I've run into an issue attempting to load a large JS file (the compiled-to-JavaScript version of the Dart SDK) in Safari, and I'm unable to replicate the problem in other, non-WebKit browsers. Loading the file as if it were a single script with no requireJS-style wrapper or ES6 module import works perfectly well (~5MB of JS in <300ms). When I add the `define` wrapper needed for requireJS or add an export statement and attempt to load the file via an ES6 module, however, Safari freezes for ~10 seconds during hard reloads. I'm unable to interact with the page at all. Once the script is loaded, I can usually reload the page without incurring the delay (I'm guessing whatever in-memory representation is made of the script file hangs out in between loads). I knocked out a GitHub repo to demonstrate the issue at https://github.com/RedBrogdon/parsing_speed. It has four HTML files, all of which try different techniques for loading the file. They're marked for which have a delay in Safari/WebKit and which do not. I've tested that code with Safari v12.1.1 (14607.2.6.1.1) and the MiniBrowser shipped with build 247494 of WebKit. Both show the same behavior, which I've been unable to replicate with any other browser. I'm not a JS engine expert by any means, but I'm guessing there's a parsing optimization that's not available when the code in my file is moved out of global scope and into a function/module, and it's possible that the behavior I'm seeing is WebKit working as intended. If that's the case and you can suggest some way for me to modify my code (or even point me to a guide that explains when/how parsing can be optimized), I'd appreciate it.

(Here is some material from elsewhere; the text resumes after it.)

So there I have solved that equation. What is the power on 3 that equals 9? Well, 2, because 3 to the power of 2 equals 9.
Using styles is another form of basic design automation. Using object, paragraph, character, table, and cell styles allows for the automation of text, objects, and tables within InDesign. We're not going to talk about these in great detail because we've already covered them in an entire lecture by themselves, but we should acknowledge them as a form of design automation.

Interesting, I tried to take a quick look and it looks like we are spending a lot of time in scope resolution code. I couldn't get the vanilla version to run in the JSC CLI. I'll try to take a look at this soon though.
<rdar://problem/53333108>
(In reply to Keith Miller from comment #1) > I'll try to take a look at this soon though. Awesome, thanks. If there's anything I can do to help track down the issue, let me know.
Just checking in -- has anyone had time to look into the issue further?

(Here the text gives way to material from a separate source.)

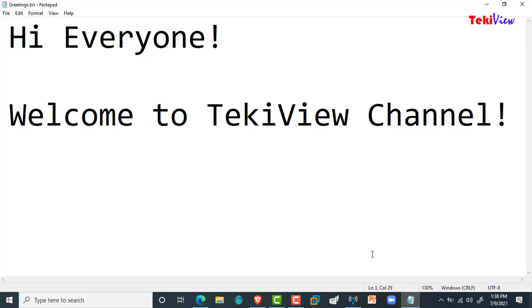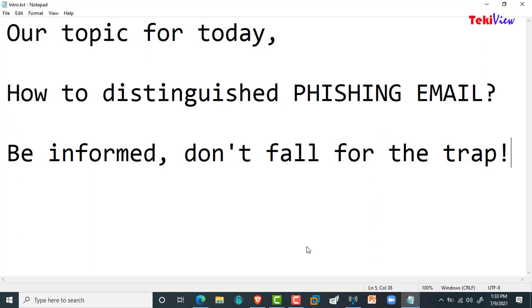Hi everyone, welcome to Techie View channel. Our topic for today: how to distinguish phishing email — be informed, don't fall for the trap.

*** Bug 204462 has been marked as a duplicate of this bug. ***
Wow, sorry about the delay on this! I completely forgot about it... I'll look into this now.
Thanks for taking a look at the issue!
As I mentioned above, if there's any additional info we can provide, I'm happy to track it down.
So, I figured out what the problem is but I haven't had time to implement a fix yet. Basically, the problem is in how we track if we need a TDZ check. If a work around is helpful, I tried changing dart_sdk_es6.js to use "var" everywhere instead of "let"/"const" and it ran instantly in about 300ms in the JSC CLI.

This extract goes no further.